**Work to be completed**:
Word for word, transcribe the data below from the line with "6-Tier Corner Shelf, Industrial" to the line with "SHEIN Vintaside Kids", keeping both of those lines.

**Data records**:
--------------------------------------------------

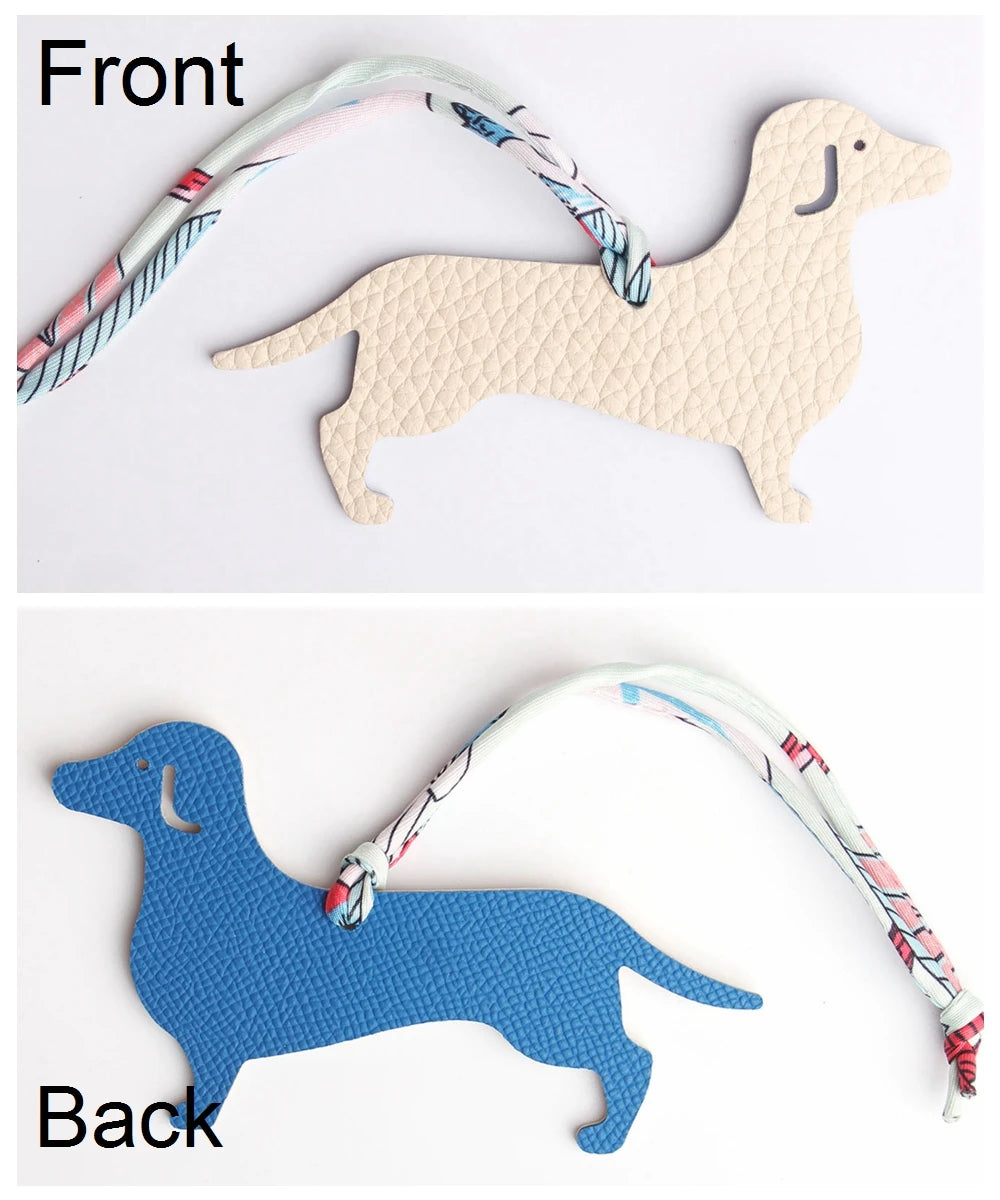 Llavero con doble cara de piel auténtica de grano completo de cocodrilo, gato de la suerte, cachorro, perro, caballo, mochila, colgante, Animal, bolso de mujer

--------------------------------------------------

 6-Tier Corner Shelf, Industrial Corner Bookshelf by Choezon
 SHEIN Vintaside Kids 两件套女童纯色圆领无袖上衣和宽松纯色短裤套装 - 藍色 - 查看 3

--------------------------------------------------

**Response to the task**:
 6-Tier Corner Shelf, Industrial Corner Bookshelf by Choezon
 SHEIN Vintaside Kids 两件套女童纯色圆领无袖上衣和宽松纯色短裤套装 - 藍色 - 查看 3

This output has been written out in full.